I find it absolutely ludicrous that it is mooted that we have four, cleanskin, independents who will supposedly have the knowledge to run racing effectively in a power arrangement that can give them, collectively, a ruling vote over thoroughbred racing.
Let me just reiterate ... and you don’t have to be Einstein to figure out the wrongful imbalance in this ... the thoroughbred code contributes over seventy-five percent of the punting revenue, the turnover, the investment in the industry and we have one lone voice in the proposed new seven member board.
I can only hope that Premier Annastacia Palaszczuk and the new Minister Of Racing, Bill Byrne, can digest what has happened since they’ve come out with this announcement.
I agree with the report on the greyhound industry and its shortcomings. Yes, integrity issues must be at the forefront moving forward, as it should always have been.
Nobody disagrees with that, but the message beyond that is clear.
Don’t take the failings of the greyhound industry out on the thoroughbred industry and harness industry. Don’t punish the two codes that have been heading in a positive direction and who have done nothing to deserve such a negative outcome.

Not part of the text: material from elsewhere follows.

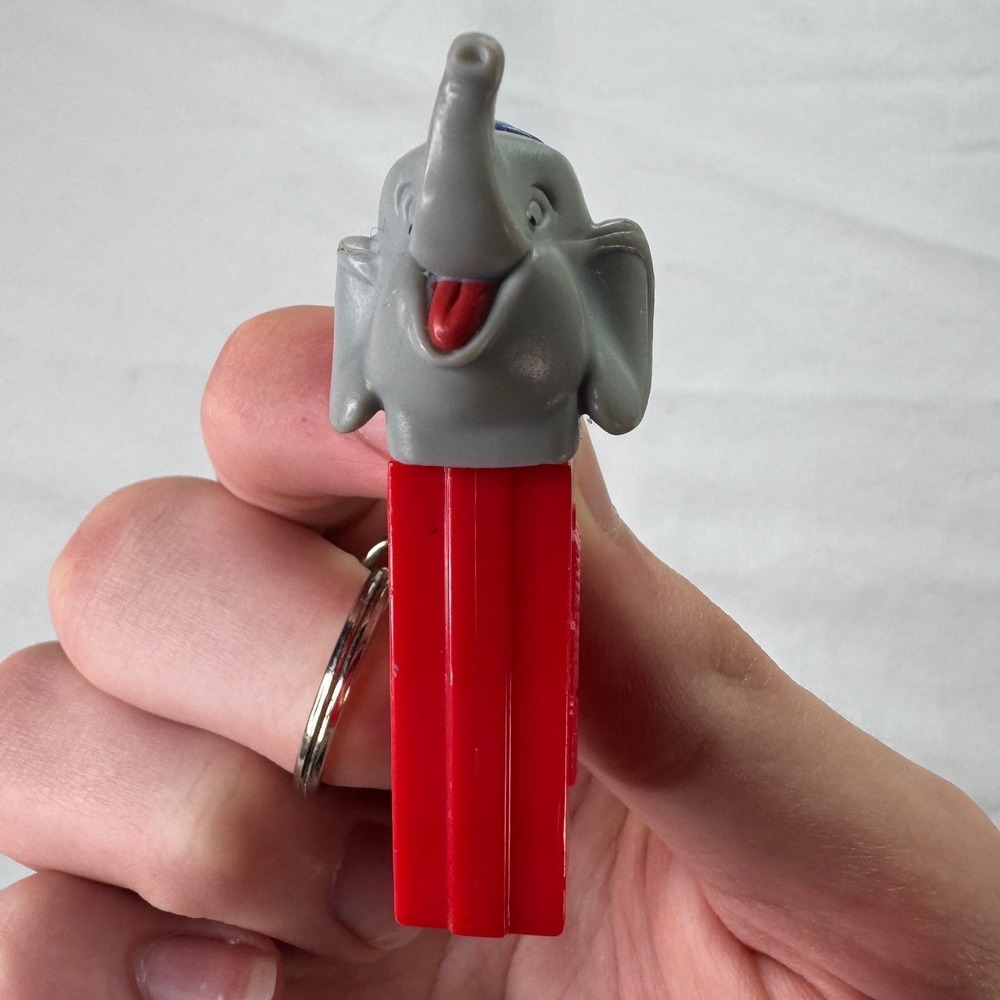 Vintage 1998 PEZ Elephant Keychain Gray‎ Blue Hat Red Stem Miniature Dispenser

If that does happen, once again, we will see a familiar example in which politics and egos drive good people out of racing. We’ll say goodbye to them.
I’ll be polite.
The recommendations should themselves come under serious review. ***************************************************************************************************
I said I can only hope the government recognises the obvious ... but do I have any confidence that they will?
Well let me put it to you this way.
The fact that this mass sacking of racing boards has happened in the week leading up to the Stradbroke indicates, to me, the total lack of respect that this present government has shown to the racing industry.
For me this a pertinent point.
In our biggest week of racing in the year, they want to drop a ‘nuclear bomb’ on Racing Queensland.
What does that say about their commitment to the well-being of the racing industry? ***************************************************************************************************
When my blog doesn’t appear next week on HRO and you can’t find me, don’t be concerned. No conspirathy theories please.
The truth of the matter is that on Monday evening I will take off on a big Airbus A380 heading for a European holiday.
As the Airbus rises in the sky I will figuratively imagine the dust-cloud from that nuclear bomb below me and I’ll wonder briefly if there is any chance of sanity returning to my industry by the time I arrive back home.